----- Supplied records -----

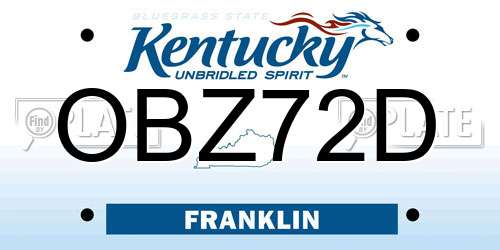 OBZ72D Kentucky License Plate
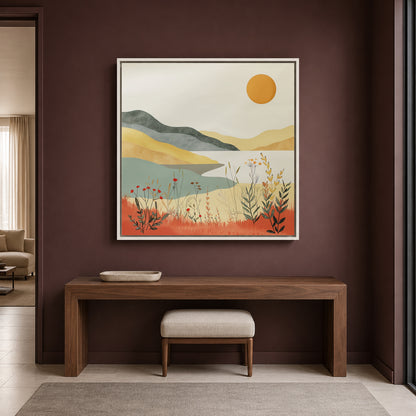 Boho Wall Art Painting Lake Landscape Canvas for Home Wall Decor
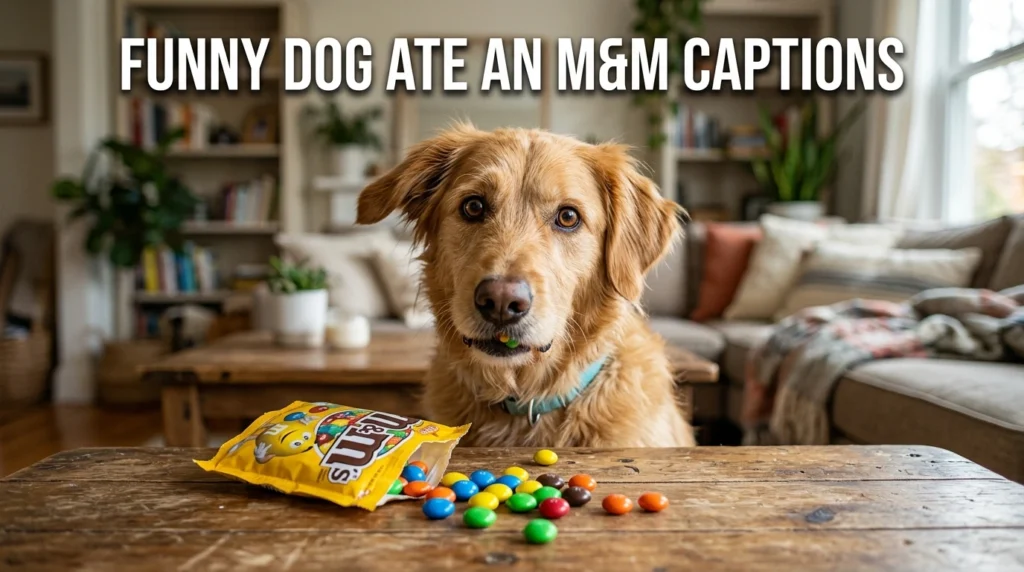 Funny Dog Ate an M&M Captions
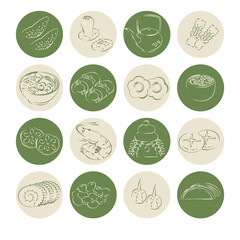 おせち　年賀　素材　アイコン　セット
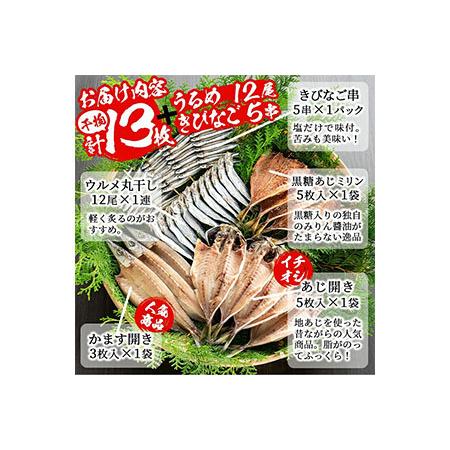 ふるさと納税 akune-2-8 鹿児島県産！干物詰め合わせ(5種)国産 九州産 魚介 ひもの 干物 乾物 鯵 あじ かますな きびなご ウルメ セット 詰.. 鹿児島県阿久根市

-----
----- Supplied records -----

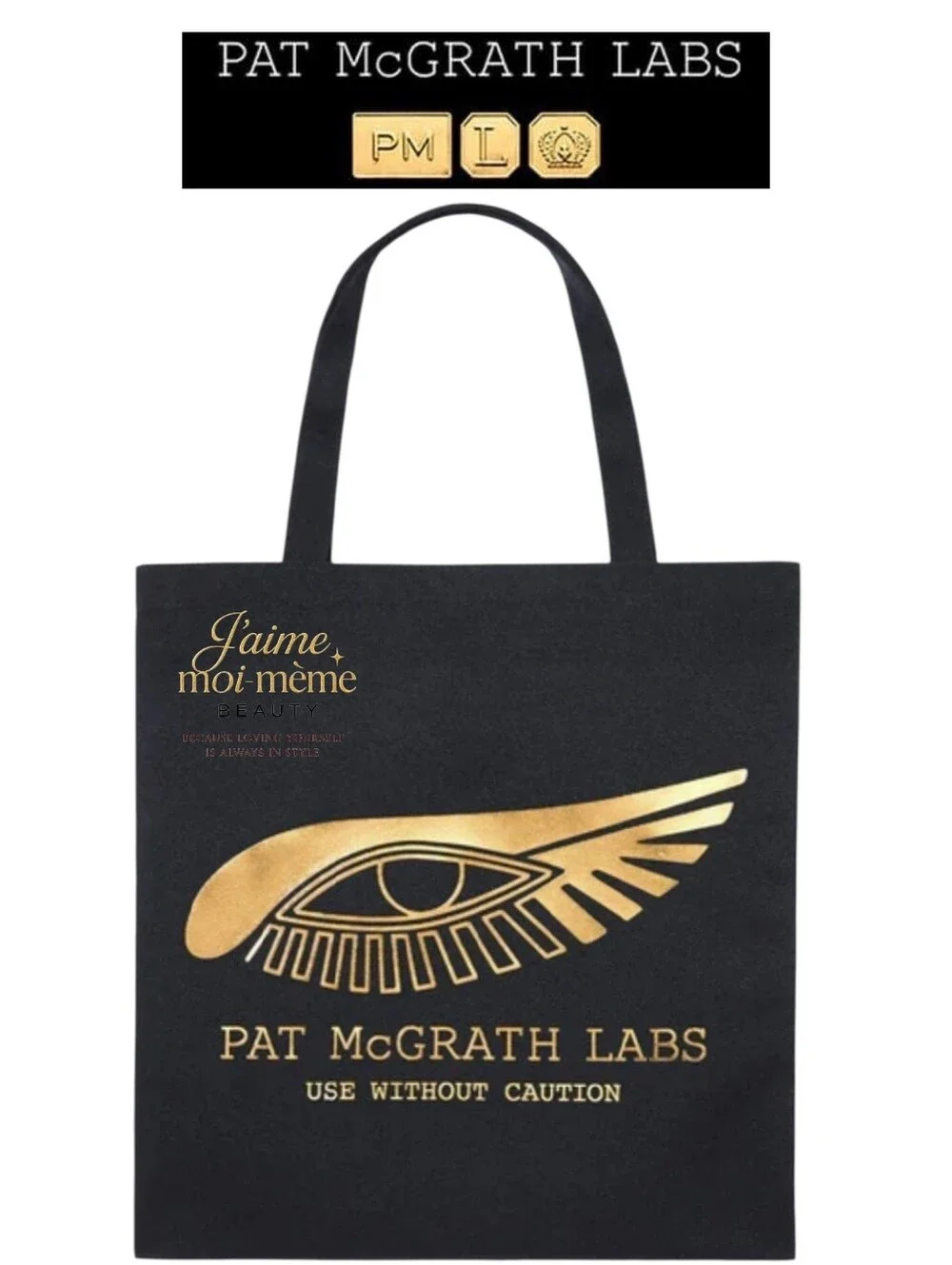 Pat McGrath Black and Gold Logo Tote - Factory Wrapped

-----

Brief: Give back exactly the lines of the listing above from the one that contains "Boho Wall Art" up to and including the one that contains "ふるさと納税 akune-2-8 鹿児島県産！干物詰め合わせ(5種)国産", but not the pictures, and no other lines.

Answer section:
 Boho Wall Art Painting Lake Landscape Canvas for Home Wall Decor
 Funny Dog Ate an M&M Captions
 おせち　年賀　素材　アイコン　セット
 ふるさと納税 akune-2-8 鹿児島県産！干物詰め合わせ(5種)国産 九州産 魚介 ひもの 干物 乾物 鯵 あじ かますな きびなご ウルメ セット 詰.. 鹿児島県阿久根市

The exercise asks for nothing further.